───── DATA SHOWN
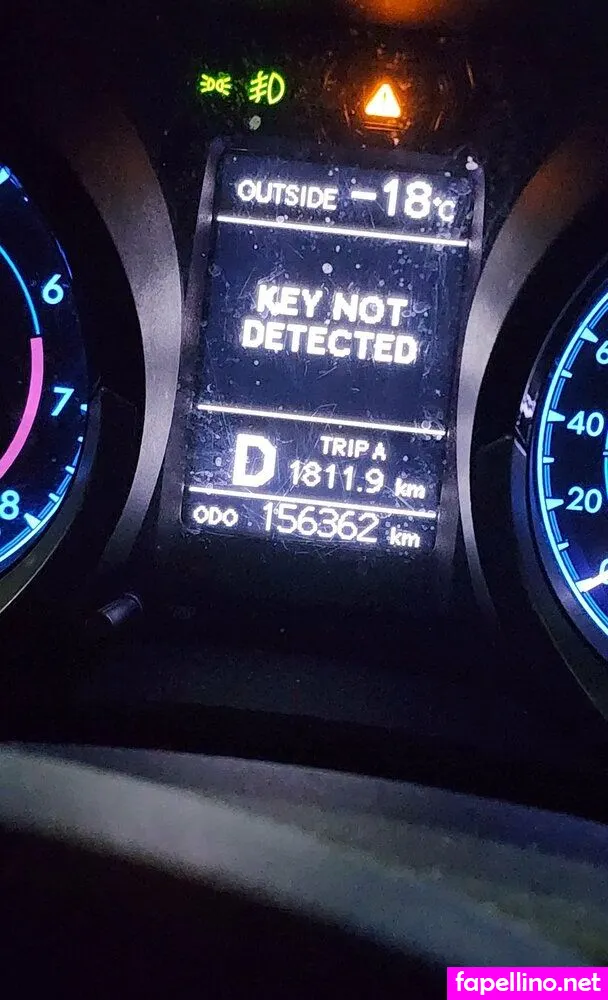 shemale_oceana Nude Leaked OnlyFans Photo #2HmfOTADYS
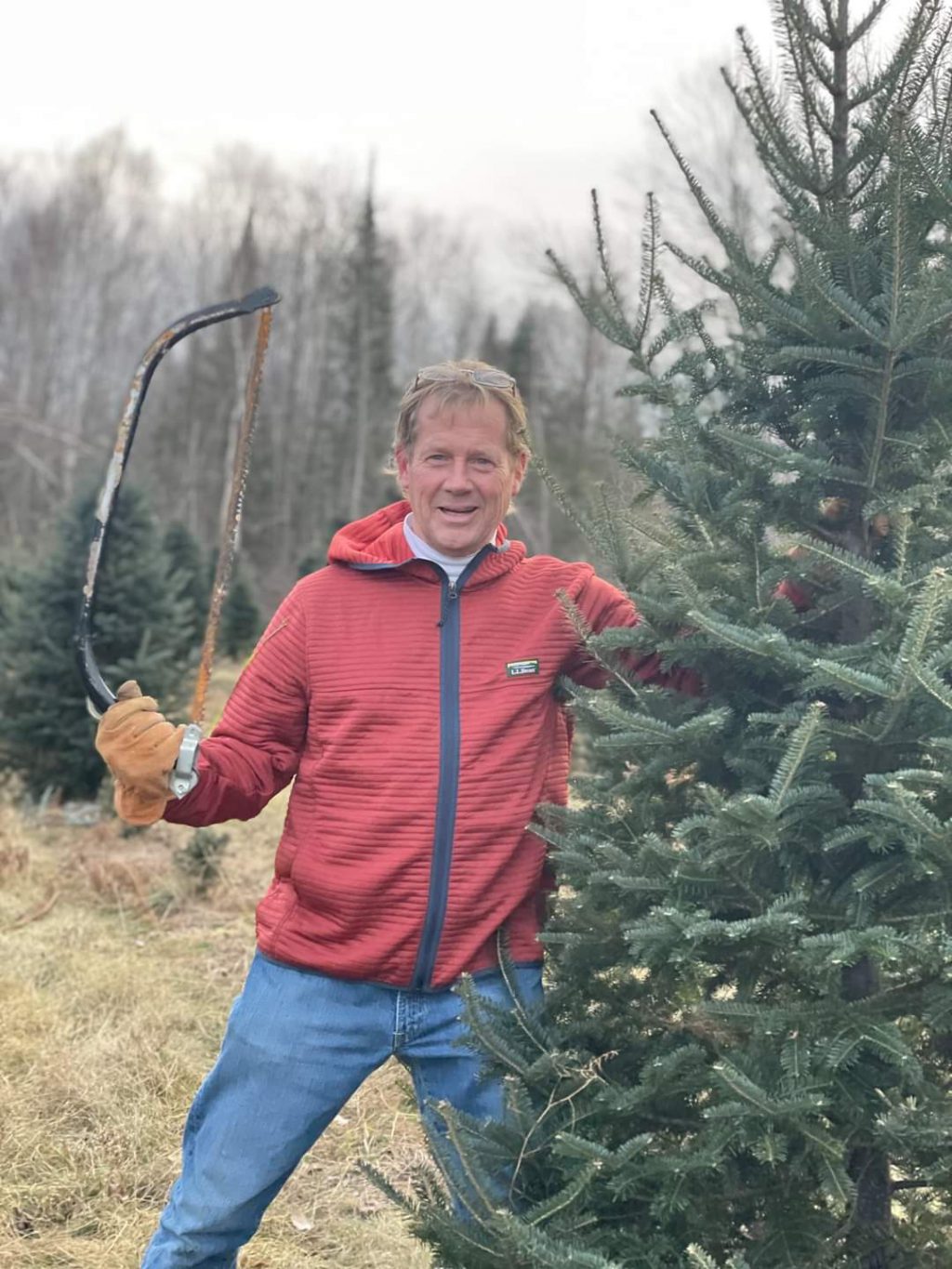 Wood Family Christmas Trees Maine Christmas Tree Association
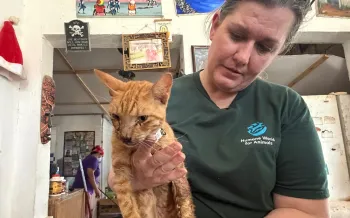 A person in a dark green “Humane World for Animals” shirt is holding a small orange tabby cat.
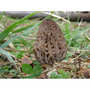 Borde - Morel preserved - Borde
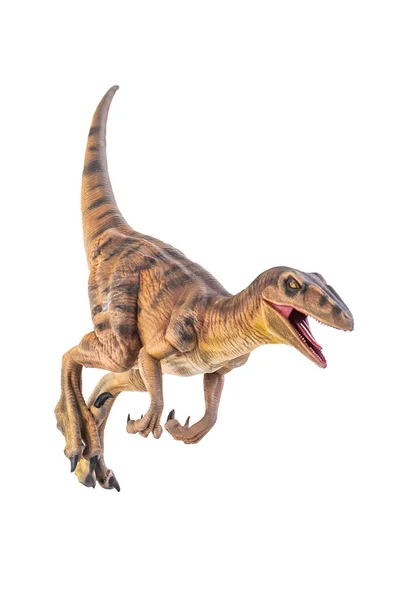 Dinossauro Velociraptor Isolado Fundo — Fotografia de Stock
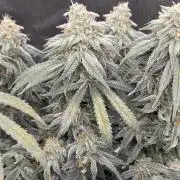 Chocolope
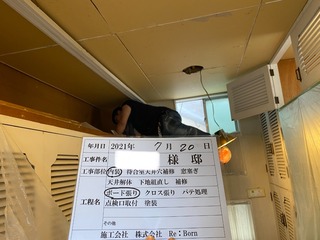 72762D43-8CED-4F40-A628-D90C20A2CC92.jpeg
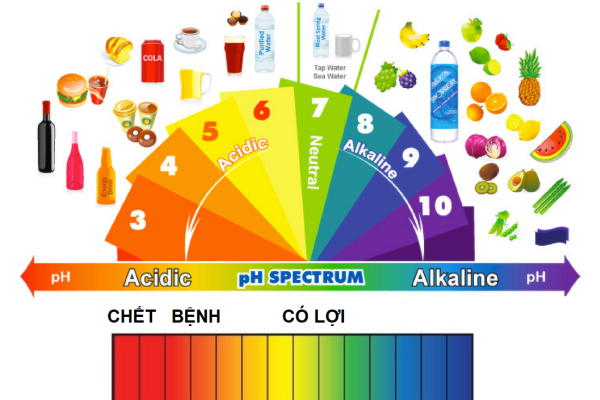Độ pH của một số chất khác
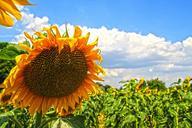 sunflowers-yellow-fields-flowers-168762.jpg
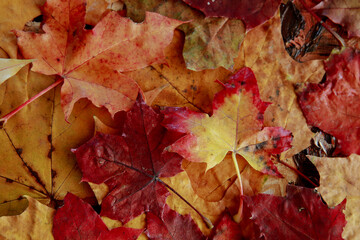 colorful autumn leaves on the ground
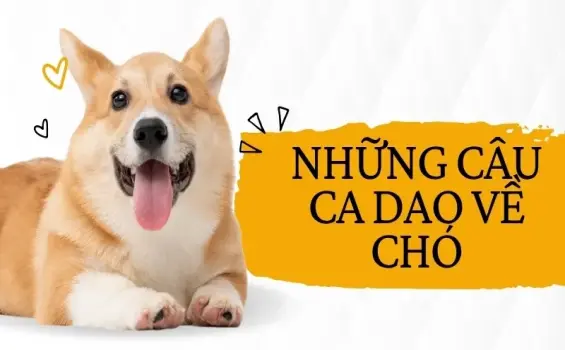 Ca dao về chó và bài học về tình bạn trung thành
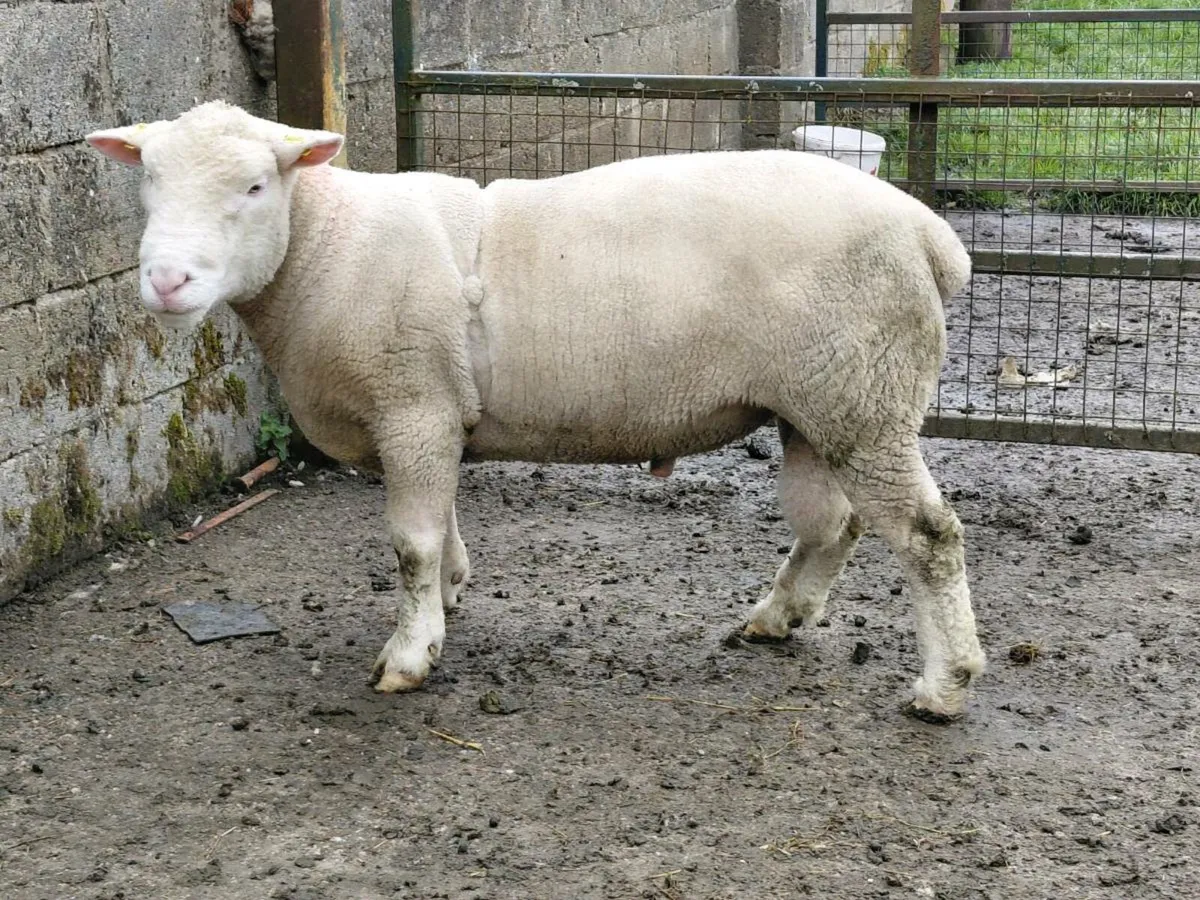 Dorset rams - Image 3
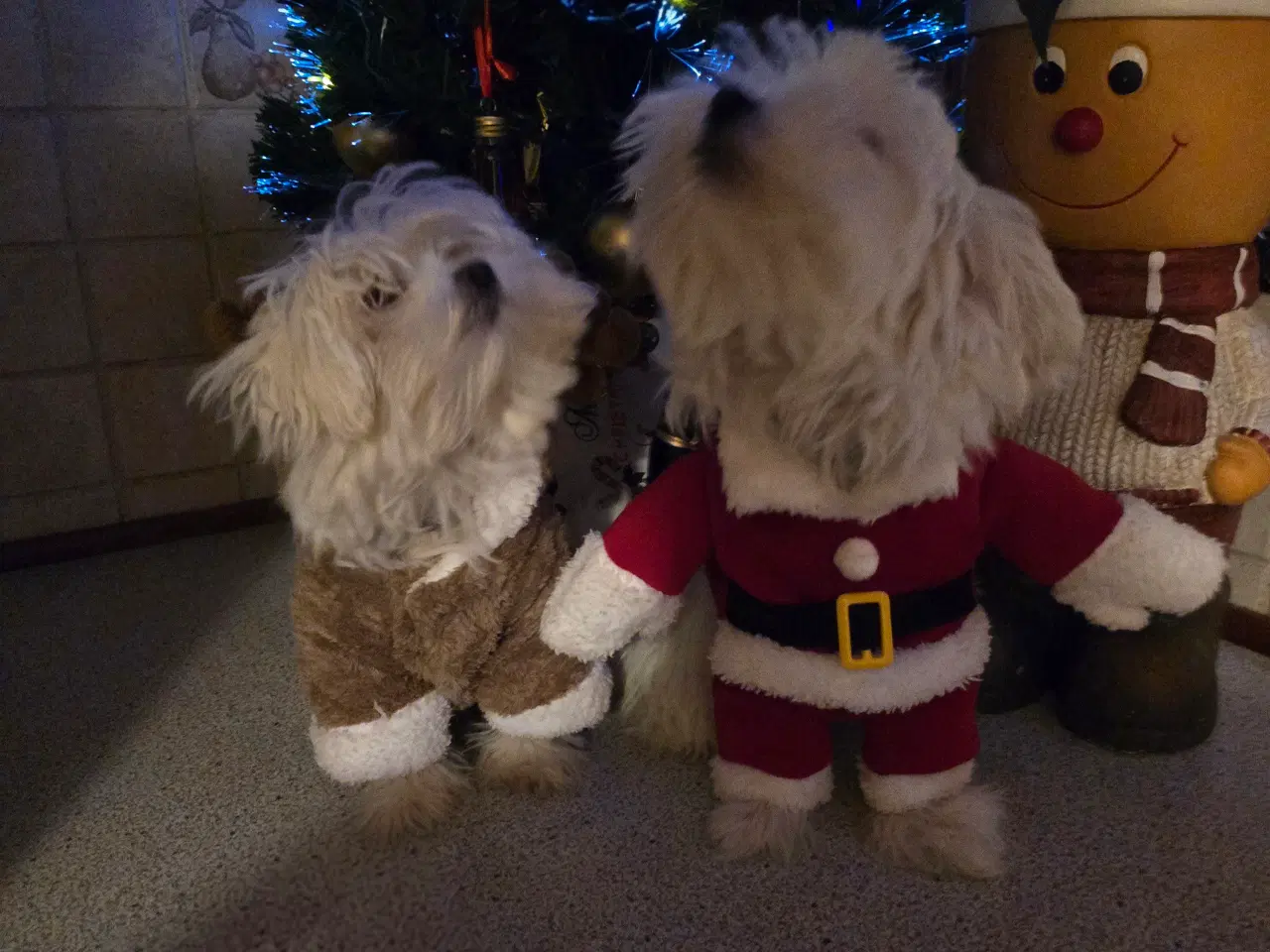 Billede 3 - Malteser hvalpe søger nye hjem ❤️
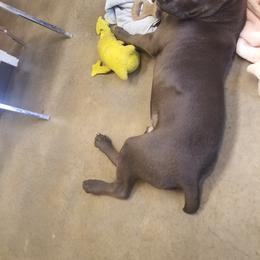 Cane Corso All Grown Up from Bear Valley Cane Corso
──────────
Restate the listing word for word and drop the pictures.

 shemale_oceana Nude Leaked OnlyFans Photo #2HmfOTADYS
 Wood Family Christmas Trees Maine Christmas Tree Association
 A person in a dark green “Humane World for Animals” shirt is holding a small orange tabby cat.
 Borde - Morel preserved - Borde
 Dinossauro Velociraptor Isolado Fundo — Fotografia de Stock
 Chocolope
 72762D43-8CED-4F40-A628-D90C20A2CC92.jpeg
Độ pH của một số chất khác
 sunflowers-yellow-fields-flowers-168762.jpg
 colorful autumn leaves on the ground
 Ca dao về chó và bài học về tình bạn trung thành
 Dorset rams - Image 3
 Billede 3 - Malteser hvalpe søger nye hjem ❤️
 Cane Corso All Grown Up from Bear Valley Cane Corso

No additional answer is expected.